For starters, don't make him a slightly pudgy Australian man with bad hair. Just don't do that. The League of Assassins are influenced by India, China, and the Middle East in Arrow, so make him Indian, Chinese, or Middle Eastern, and make him - well, either visibly old or visibly young. Since the Lazarus Pits are a plot point, it might be an effectively shocking contrast if Ra's old personality is contrasted by his being outwardly youthful - if he was seemingly the same age as Ollie, then there would be a parallel between them.
|Look, not for nothing, but the baby boomers are the least intimidating age|
Secondly, have Ollie be incidental to his plans, at least at first. Instead of him targeting Ollie specifically, have him have come to the same conclusion that Ollie and Malcolm both did: That Starling City is rotten and needs change. Have him begin a campaign of assassinations against key figures in Starling City, and while he has no issue with Ollie, he cannot allow Ollie as the Arrow to interfere with his plans. Since the Lazarus Pits do cause mental instability, he could become more and more obsessed with both purging Starling City entirely and with making Ollie his heir as time went by.
(This would also handily tie in with his characterisation in the second series, where he is meant to be so repulsed by Malcolm's indiscriminate killing that he desires to see the man punished for it.)

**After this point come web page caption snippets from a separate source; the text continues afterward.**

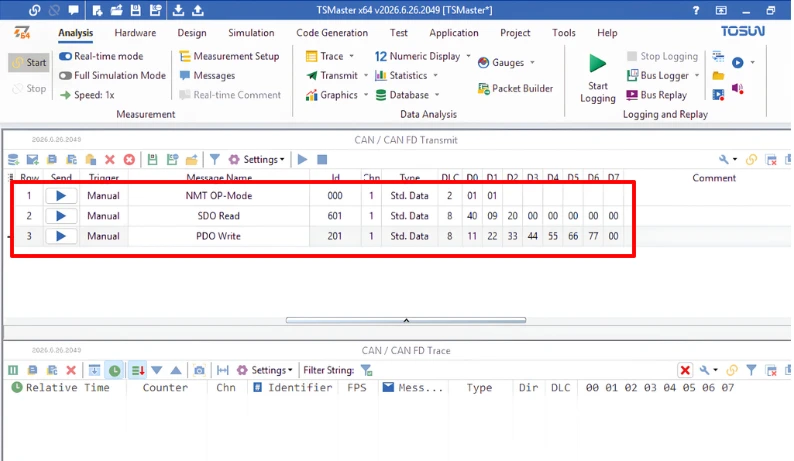 TSMaster command list with NMT, SDO read and PDO write commands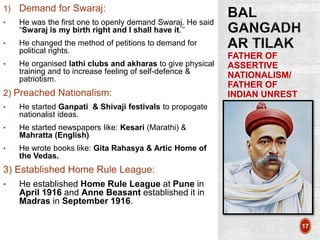 FATHER OF
ASSERTIVE
NATIONALISM/
FATHER OF
INDIAN UNREST
17
1) Demand for Swaraj:
• He was the first one to openly demand Swaraj. He said
“Swaraj is my birth right and I shall have it.’’
• He changed the method of petitions to demand for
political rights.
• He organised lathi clubs and akharas to give physical
training and to increase feeling of self-defence &
patriotism.
2) Preached Nationalism:
• He started Ganpati & Shivaji festivals to propogate
nationalist ideas.
• He started newspapers like: Kesari (Marathi) &
Mahratta (English)
• He wrote books like: Gita Rahasya & Artic Home of
the Vedas.
3) Established Home Rule League:
• He established Home Rule League at Pune in
April 1916 and Anne Beasant established it in
Madras in September 1916.
 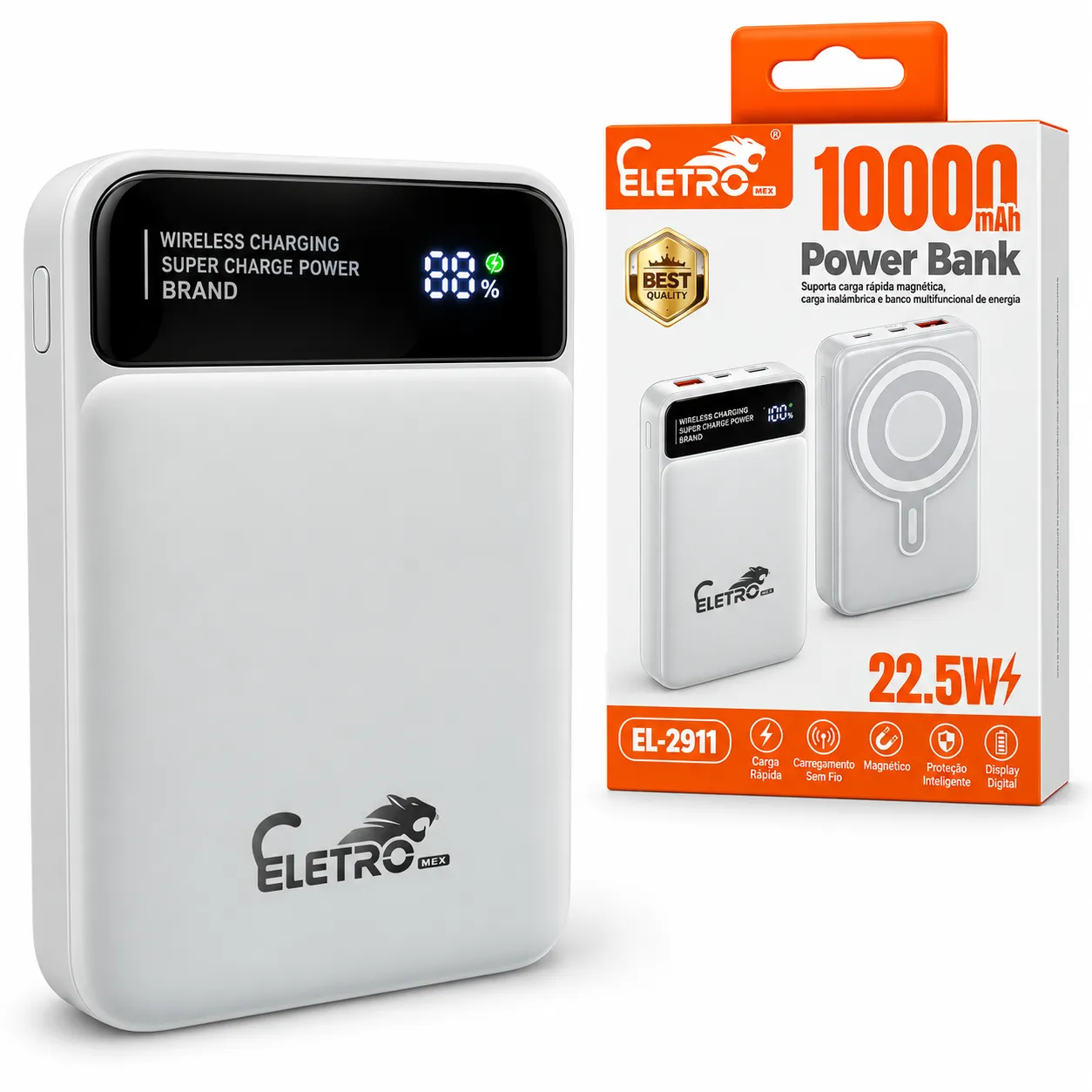 Carga Extra 10.000mAh Magnético Eletromex EL-2911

Thirdly, have him be Sara's murderer, and instead of a murder mystery plot, have everyone know about it. Instead of having him disapprove of Sara and Nyssa's relationship, have him approve deeply, make it clear that he absolutely adores Sara as a second daughter. Come the mid-season finale, have Ra's and Ollie have their first clash in Starling City, and when Ollie seems beaten, Sara could step in and challenge Ra's instead. The resulting duel would end in Sara's death, after which Ra's would kill Ollie. In maybe ten minutes of screentime you would then establish Ra's as stopping at nothing to achieve his goals, set Laurel up to become the Black Canary, laid the groundwork for a rift between Nyssa and Ra's, given Ra's a nudge along the path to madness, and then when Ollie returns, you have bitterness that it was him who returned and not Sara.
I could probably add two more items to this list, but for the sake of saving wordage, let's not.
|Ollie in his league gear.|
The character writing in general isn't great this series either. Felicity is too often reduced to being a weepy mess, Diggle seems to barely do anything, Ollie seems to be entirely static as a character. Detective Lance has probably the most character development of the bunch, but it seems off somehow, like flying off the rails and deciding that Ollie is his arch-nemesis was somehow the wrong route for the character to go down. Perhaps that's because that subplot never really gets a conclusion - it's not deliberately left hanging for the next series or anything, it's more like the writers just forgot about it.
I did enjoy this series, and in all honesty, it probably is an improvement over the first series - but it's a pale shadow of the second series, and I do wonder if this is the start of a decline for the show, and if we're going to be seeing a fourth series where the quality drops even more. That concerns me a little.